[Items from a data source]
-*-*-

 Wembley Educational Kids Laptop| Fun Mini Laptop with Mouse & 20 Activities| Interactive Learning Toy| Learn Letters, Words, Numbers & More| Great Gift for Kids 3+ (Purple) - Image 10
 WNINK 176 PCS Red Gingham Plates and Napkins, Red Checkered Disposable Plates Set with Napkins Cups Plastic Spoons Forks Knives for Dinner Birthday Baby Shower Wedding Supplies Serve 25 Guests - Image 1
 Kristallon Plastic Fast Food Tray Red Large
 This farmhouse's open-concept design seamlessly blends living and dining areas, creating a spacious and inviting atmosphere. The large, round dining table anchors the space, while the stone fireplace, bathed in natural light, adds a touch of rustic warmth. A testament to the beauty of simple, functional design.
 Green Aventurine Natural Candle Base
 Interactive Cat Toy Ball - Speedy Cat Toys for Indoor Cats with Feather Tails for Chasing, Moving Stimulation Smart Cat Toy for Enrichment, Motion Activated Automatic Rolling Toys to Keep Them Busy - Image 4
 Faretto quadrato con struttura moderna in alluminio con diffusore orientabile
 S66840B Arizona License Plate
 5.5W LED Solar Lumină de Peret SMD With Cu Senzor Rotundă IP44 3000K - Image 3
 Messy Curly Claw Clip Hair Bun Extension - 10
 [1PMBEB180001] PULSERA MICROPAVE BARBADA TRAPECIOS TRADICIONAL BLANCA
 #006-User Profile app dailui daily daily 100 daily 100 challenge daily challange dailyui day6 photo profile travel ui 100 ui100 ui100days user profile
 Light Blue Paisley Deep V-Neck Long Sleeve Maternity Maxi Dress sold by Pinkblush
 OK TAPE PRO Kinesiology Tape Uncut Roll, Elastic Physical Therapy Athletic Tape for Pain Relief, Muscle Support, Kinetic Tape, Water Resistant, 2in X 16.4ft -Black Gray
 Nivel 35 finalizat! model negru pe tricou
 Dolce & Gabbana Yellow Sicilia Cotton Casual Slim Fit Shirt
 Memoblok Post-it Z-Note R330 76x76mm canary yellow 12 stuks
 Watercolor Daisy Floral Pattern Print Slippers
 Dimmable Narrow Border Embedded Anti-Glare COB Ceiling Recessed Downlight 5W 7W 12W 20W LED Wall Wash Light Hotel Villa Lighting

-*-*-

§ AIM OF THE TASK:
Please copy the lines in the records above between the one holding "#006-User Profile app" and the one holding "Light Blue Paisley", inclusive, exactly and with no other line.

§ EXERCISE SOLUTION:
 #006-User Profile app dailui daily daily 100 daily 100 challenge daily challange dailyui day6 photo profile travel ui 100 ui100 ui100days user profile
 Light Blue Paisley Deep V-Neck Long Sleeve Maternity Maxi Dress sold by Pinkblush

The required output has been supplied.